> [Data under study]
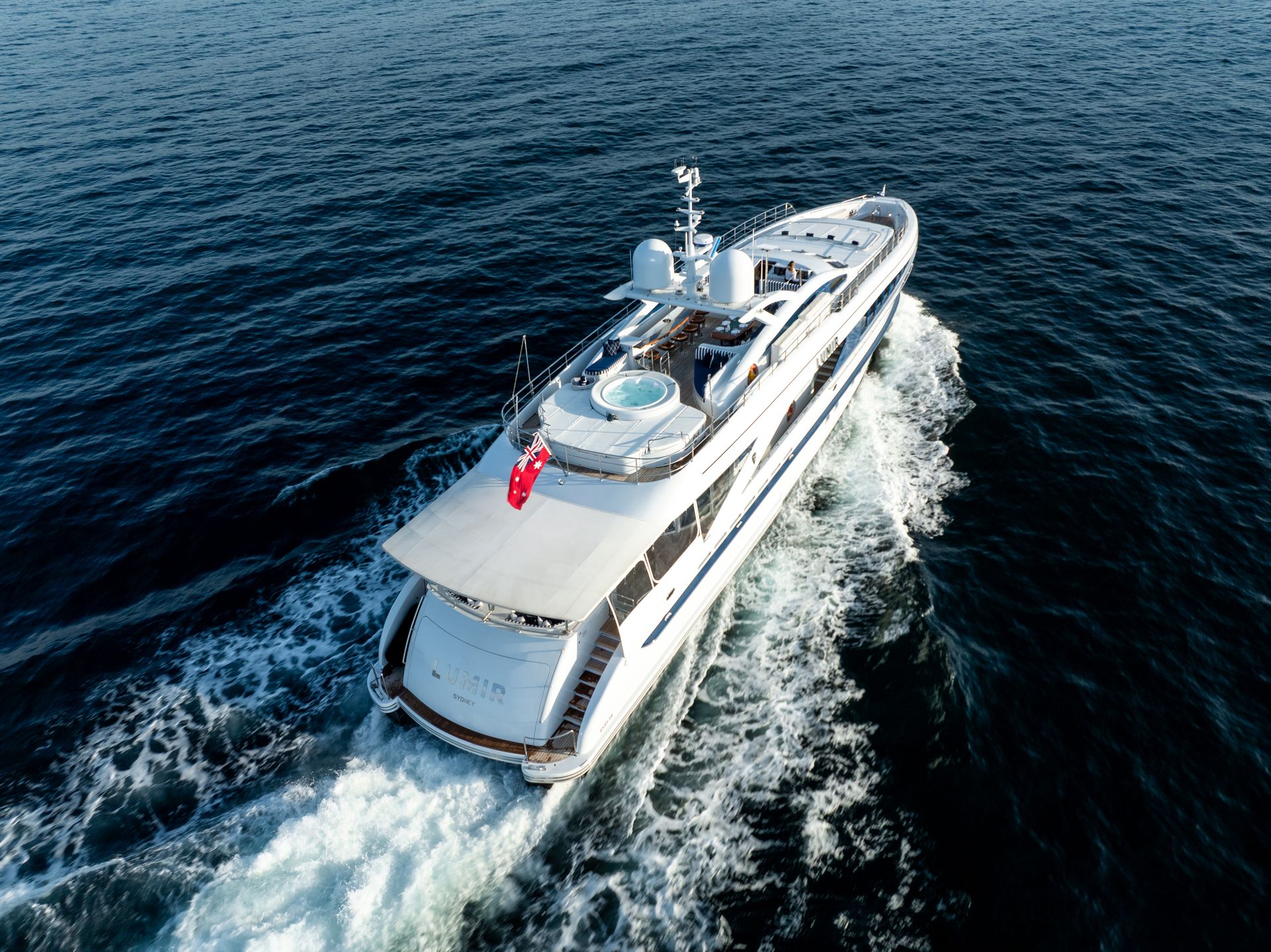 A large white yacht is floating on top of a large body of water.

---

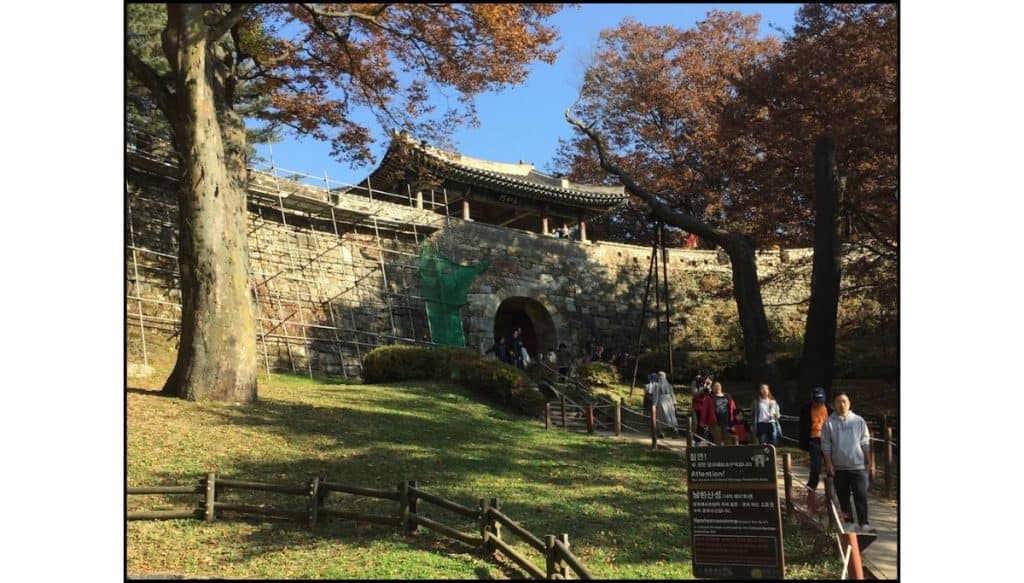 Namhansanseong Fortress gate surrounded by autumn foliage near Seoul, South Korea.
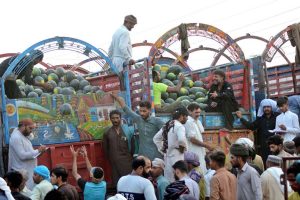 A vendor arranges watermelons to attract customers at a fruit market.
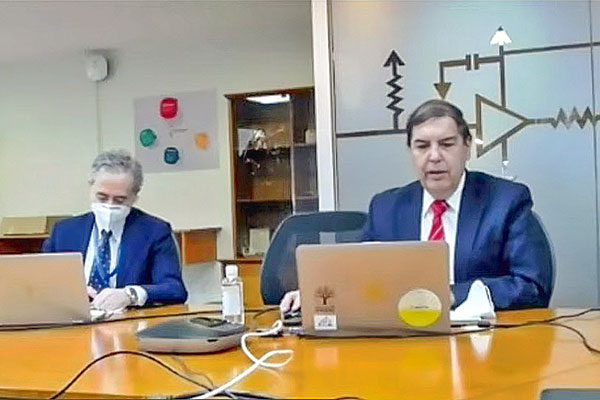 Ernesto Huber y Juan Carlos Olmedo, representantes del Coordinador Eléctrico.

> [Action item]
Both boundary lines included, write out word for word only the lines above from the one containing "Namhansanseong Fortress gate" to the one containing "Ernesto Huber y", leaving out any pictures.

> [Response below]
 Namhansanseong Fortress gate surrounded by autumn foliage near Seoul, South Korea.
 A vendor arranges watermelons to attract customers at a fruit market.
 Ernesto Huber y Juan Carlos Olmedo, representantes del Coordinador Eléctrico.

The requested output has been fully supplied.